BEGIN SOURCE RECORDS

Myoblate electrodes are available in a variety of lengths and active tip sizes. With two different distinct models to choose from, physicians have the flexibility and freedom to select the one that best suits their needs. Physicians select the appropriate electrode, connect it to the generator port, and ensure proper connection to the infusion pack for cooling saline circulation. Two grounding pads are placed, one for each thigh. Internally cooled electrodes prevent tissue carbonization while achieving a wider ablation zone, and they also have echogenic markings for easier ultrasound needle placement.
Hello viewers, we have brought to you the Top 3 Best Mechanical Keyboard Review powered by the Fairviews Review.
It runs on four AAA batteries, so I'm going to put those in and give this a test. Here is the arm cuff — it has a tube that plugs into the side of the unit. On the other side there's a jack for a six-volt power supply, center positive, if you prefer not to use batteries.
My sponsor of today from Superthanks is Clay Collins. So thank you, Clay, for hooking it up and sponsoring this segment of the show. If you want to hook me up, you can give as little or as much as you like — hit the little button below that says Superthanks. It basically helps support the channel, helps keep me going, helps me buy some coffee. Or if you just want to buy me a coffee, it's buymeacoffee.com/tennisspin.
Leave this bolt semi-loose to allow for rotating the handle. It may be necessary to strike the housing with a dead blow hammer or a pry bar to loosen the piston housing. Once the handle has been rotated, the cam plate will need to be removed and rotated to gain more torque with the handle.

END SOURCE RECORDS
BEGIN SOURCE RECORDS

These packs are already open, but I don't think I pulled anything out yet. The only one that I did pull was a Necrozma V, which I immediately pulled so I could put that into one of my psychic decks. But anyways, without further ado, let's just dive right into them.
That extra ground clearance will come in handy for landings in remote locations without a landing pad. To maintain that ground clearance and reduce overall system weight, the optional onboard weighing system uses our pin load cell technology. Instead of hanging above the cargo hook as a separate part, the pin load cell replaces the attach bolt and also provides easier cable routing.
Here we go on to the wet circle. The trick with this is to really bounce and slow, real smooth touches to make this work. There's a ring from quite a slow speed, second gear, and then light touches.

END SOURCE RECORDS

WHAT TO WORK ON: The answer should be a single number: how many lines in the entries contain "Here".

EXERCISE RESPONSE: 2